Segment Start: The input

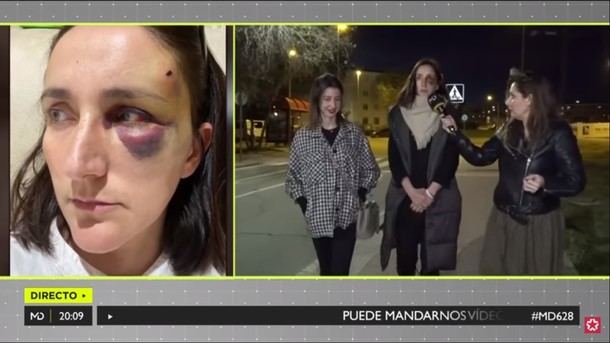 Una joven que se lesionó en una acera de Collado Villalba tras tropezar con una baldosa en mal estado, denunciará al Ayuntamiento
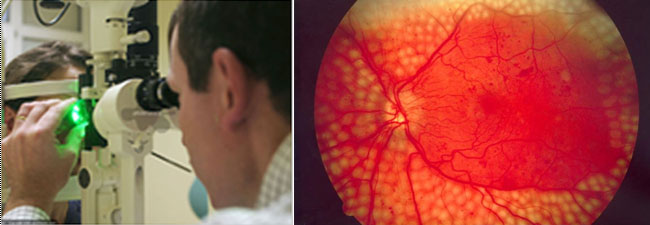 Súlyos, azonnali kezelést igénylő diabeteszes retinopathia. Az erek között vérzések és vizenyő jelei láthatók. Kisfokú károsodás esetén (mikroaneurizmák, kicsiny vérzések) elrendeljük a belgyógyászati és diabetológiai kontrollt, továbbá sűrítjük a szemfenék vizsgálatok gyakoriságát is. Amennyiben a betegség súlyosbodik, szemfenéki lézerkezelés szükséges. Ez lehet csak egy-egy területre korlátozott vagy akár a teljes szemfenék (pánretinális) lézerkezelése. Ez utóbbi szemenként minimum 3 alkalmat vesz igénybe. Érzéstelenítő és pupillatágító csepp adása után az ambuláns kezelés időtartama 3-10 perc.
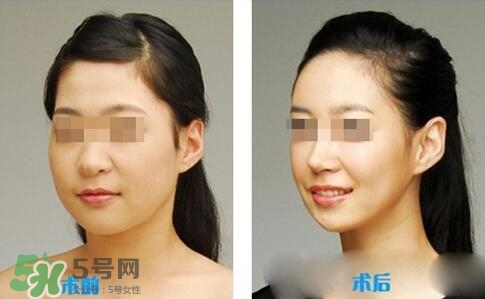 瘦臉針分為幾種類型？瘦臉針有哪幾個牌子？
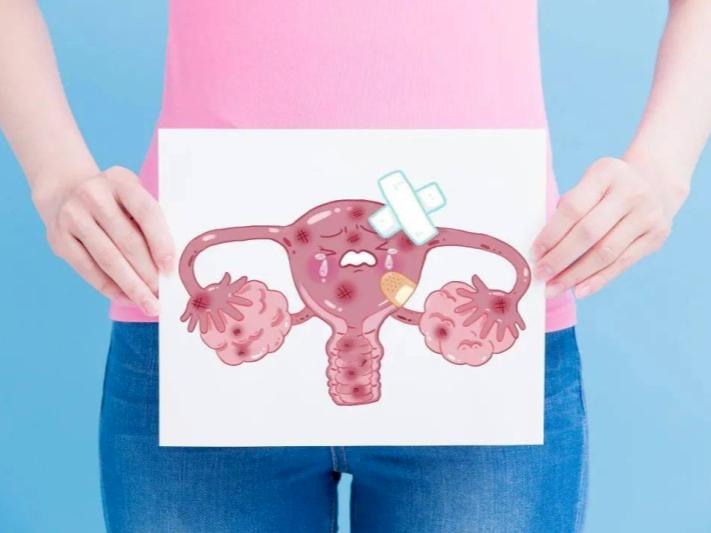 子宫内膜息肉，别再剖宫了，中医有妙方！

Segment End: The input
Segment Start: The input

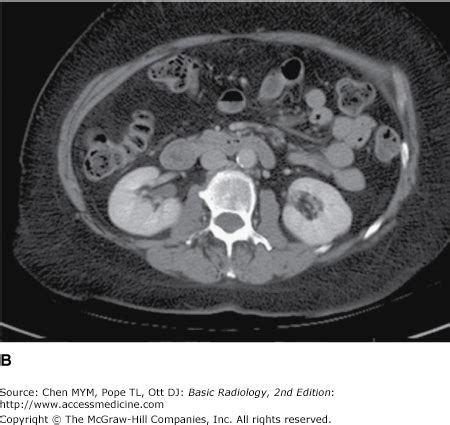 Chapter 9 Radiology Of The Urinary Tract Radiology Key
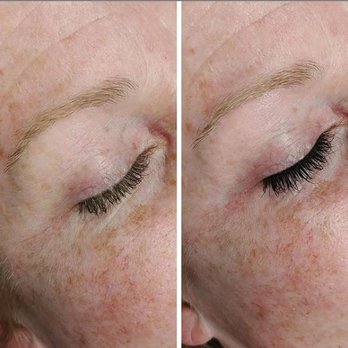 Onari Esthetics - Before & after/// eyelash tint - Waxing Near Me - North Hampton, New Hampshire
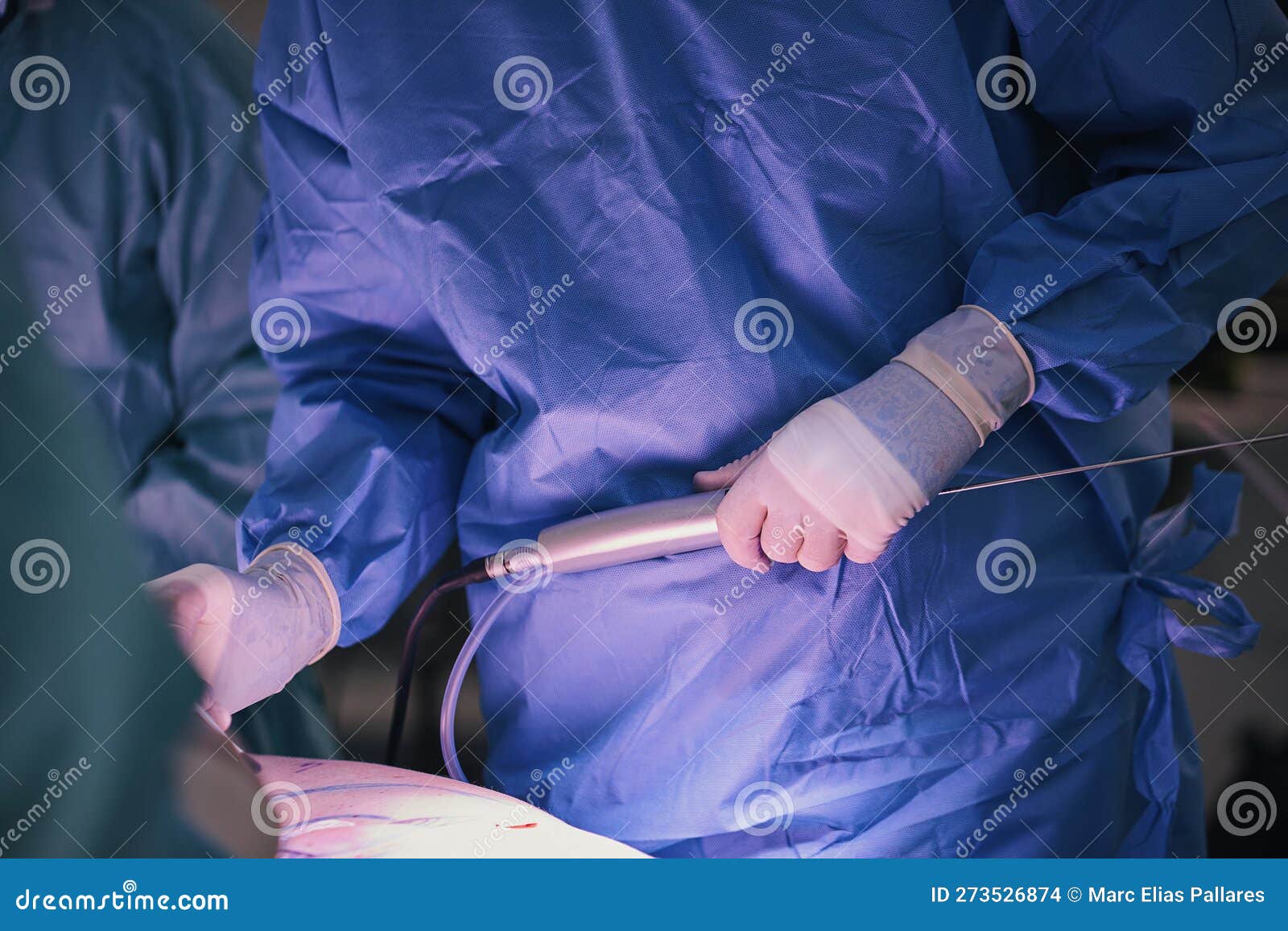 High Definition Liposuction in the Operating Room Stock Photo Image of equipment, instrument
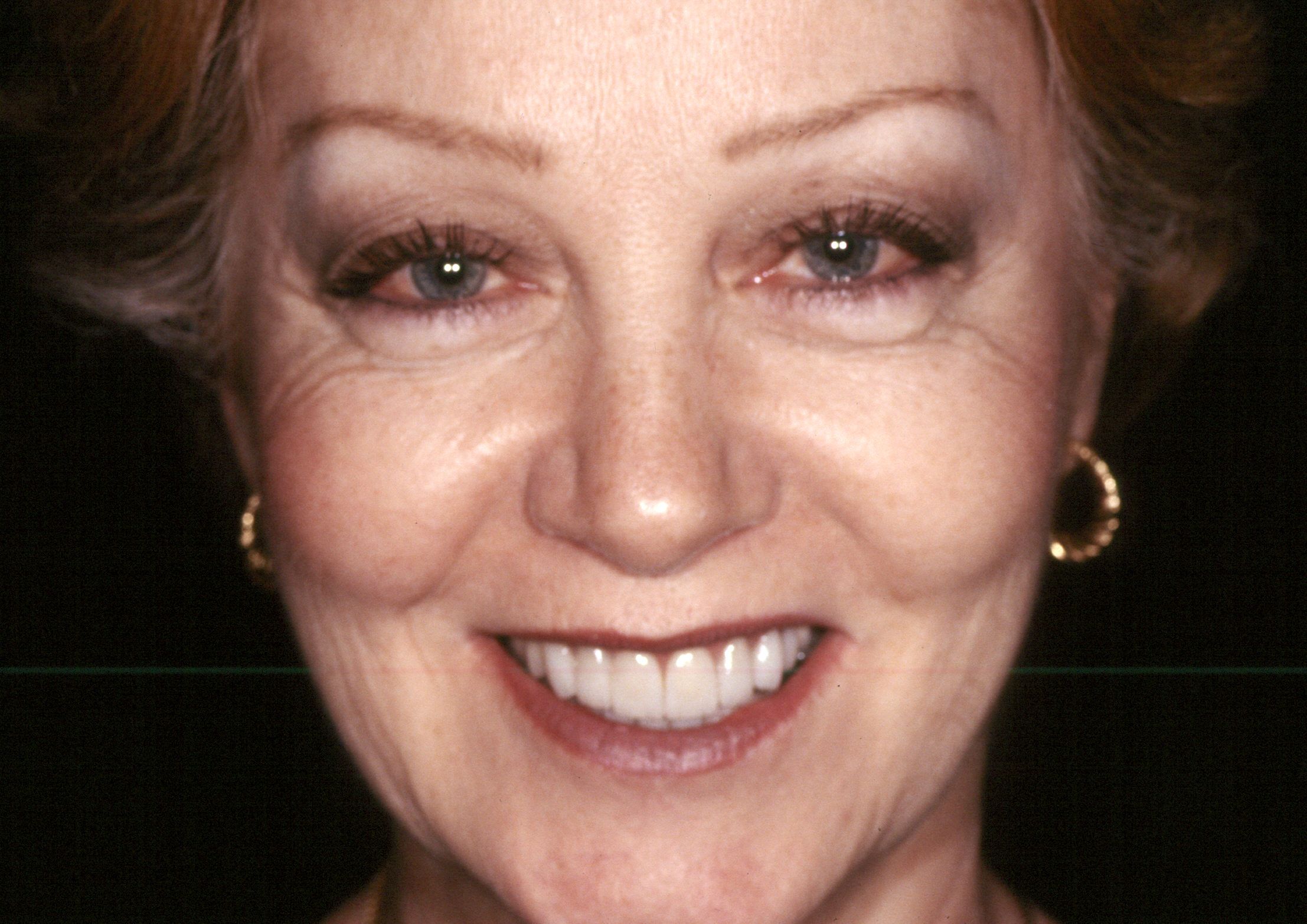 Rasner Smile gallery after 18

Segment End: The input

▸ **What to do**:
From the listing above, repeat only the lines between the line containing "Una joven que" and the line containing "子宫内膜息肉，别再剖宫了，中医有妙方！", those two included. Pictures are not part of the copy.

▸ **Worked solution**:
 Una joven que se lesionó en una acera de Collado Villalba tras tropezar con una baldosa en mal estado, denunciará al Ayuntamiento
 Súlyos, azonnali kezelést igénylő diabeteszes retinopathia. Az erek között vérzések és vizenyő jelei láthatók. Kisfokú károsodás esetén (mikroaneurizmák, kicsiny vérzések) elrendeljük a belgyógyászati és diabetológiai kontrollt, továbbá sűrítjük a szemfenék vizsgálatok gyakoriságát is. Amennyiben a betegség súlyosbodik, szemfenéki lézerkezelés szükséges. Ez lehet csak egy-egy területre korlátozott vagy akár a teljes szemfenék (pánretinális) lézerkezelése. Ez utóbbi szemenként minimum 3 alkalmat vesz igénybe. Érzéstelenítő és pupillatágító csepp adása után az ambuláns kezelés időtartama 3-10 perc.
 瘦臉針分為幾種類型？瘦臉針有哪幾個牌子？
 子宫内膜息肉，别再剖宫了，中医有妙方！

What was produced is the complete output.